EXERCISE REQUIREMENTS
For the entries below, print exactly the lines between the line holding "الزبادى اليونانى أم" and the line holding "Лекарственные свойства женьшеня.", inclusive, and nothing else.

INFORMATION SUPPLIED
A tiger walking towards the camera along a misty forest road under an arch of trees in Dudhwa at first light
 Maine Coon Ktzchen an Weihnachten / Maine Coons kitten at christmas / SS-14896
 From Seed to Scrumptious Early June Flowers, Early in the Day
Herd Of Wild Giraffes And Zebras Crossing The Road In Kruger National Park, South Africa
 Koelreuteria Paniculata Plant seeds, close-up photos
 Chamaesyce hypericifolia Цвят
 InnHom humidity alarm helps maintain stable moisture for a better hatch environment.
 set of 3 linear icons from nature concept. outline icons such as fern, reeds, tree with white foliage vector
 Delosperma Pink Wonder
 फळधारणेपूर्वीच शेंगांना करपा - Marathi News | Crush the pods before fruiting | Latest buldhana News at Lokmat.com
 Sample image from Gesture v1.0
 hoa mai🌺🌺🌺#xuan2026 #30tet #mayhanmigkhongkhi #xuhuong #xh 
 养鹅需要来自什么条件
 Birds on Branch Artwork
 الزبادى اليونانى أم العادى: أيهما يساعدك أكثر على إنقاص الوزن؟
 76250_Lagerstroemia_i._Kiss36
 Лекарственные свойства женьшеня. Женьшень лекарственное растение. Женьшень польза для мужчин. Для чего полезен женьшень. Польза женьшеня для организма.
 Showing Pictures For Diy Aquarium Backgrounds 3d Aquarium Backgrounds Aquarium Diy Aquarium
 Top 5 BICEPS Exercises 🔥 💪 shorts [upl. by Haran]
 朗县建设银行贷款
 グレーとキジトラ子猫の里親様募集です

RESPONSE AREA
 الزبادى اليونانى أم العادى: أيهما يساعدك أكثر على إنقاص الوزن؟
 76250_Lagerstroemia_i._Kiss36
 Лекарственные свойства женьшеня. Женьшень лекарственное растение. Женьшень польза для мужчин. Для чего полезен женьшень. Польза женьшеня для организма.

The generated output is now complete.